Paroles d’exilé

Mes chers parents,

Je vous écris du fond des abimes de l’amer, où mes rêves d’ailleurs meilleur, de vie libre et prospère, loin du feu de la guerre, ont été engloutis par un coup fatal du sort. J’étais jeune et en pleine santé. Je voulais, comme tant d’autres de par le monde, avoir l’avenir devant moi, prendre ma part du festin, attraper un morceau de bonheur et le garder entre mes mains. Je voulais moi aussi une femme et des enfants, du travail et une maison, une vie semblable à mille autres, comme celles que j’ai vues sur les écrans. Mais surtout, plus que tout, je voulais la paix et le silence que font les armes quand elles ont regagné leurs armoires. Je voulais ne plus avoir peur de mourir demain et dormir du sommeil lourd de l’homme fatigué mais serein. Je voulais vivre, simplement vivre enfin !

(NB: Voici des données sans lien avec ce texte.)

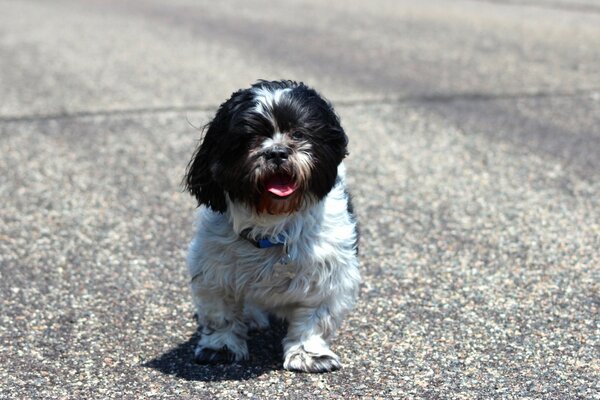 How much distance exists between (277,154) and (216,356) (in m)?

Pardonnez-moi mes chers parents ! Pardonnez-moi d’avoir échoué dans mon projet et de n’avoir plus rien à vous donner, qu’un fils mort, qu’un noyé. Jamais l’embarcation de fortune de ces chiens exploiteurs de misère, élevés et nourris par des irresponsables, marchands d’armes, trafiquants de guerres et de vengeurs enragés, n’est arrivée sur les côtes de cette Europe rêvée en déesse Liberté. Nous étions cent…quatre cents…sept cents…nous sommes des milliers sur ces cercueils de la Méditerranée, ne cherchant rien d’autre qu’à atteindre un rivage où le pouls de la vie bat plus fort que celui de la mort. Nous étions des centaines, bien décidés, bien vivants. Et nous voilà désormais sous les ombres noires de la mer, vies saccagées, oubliées dans l’indifférence généralisée.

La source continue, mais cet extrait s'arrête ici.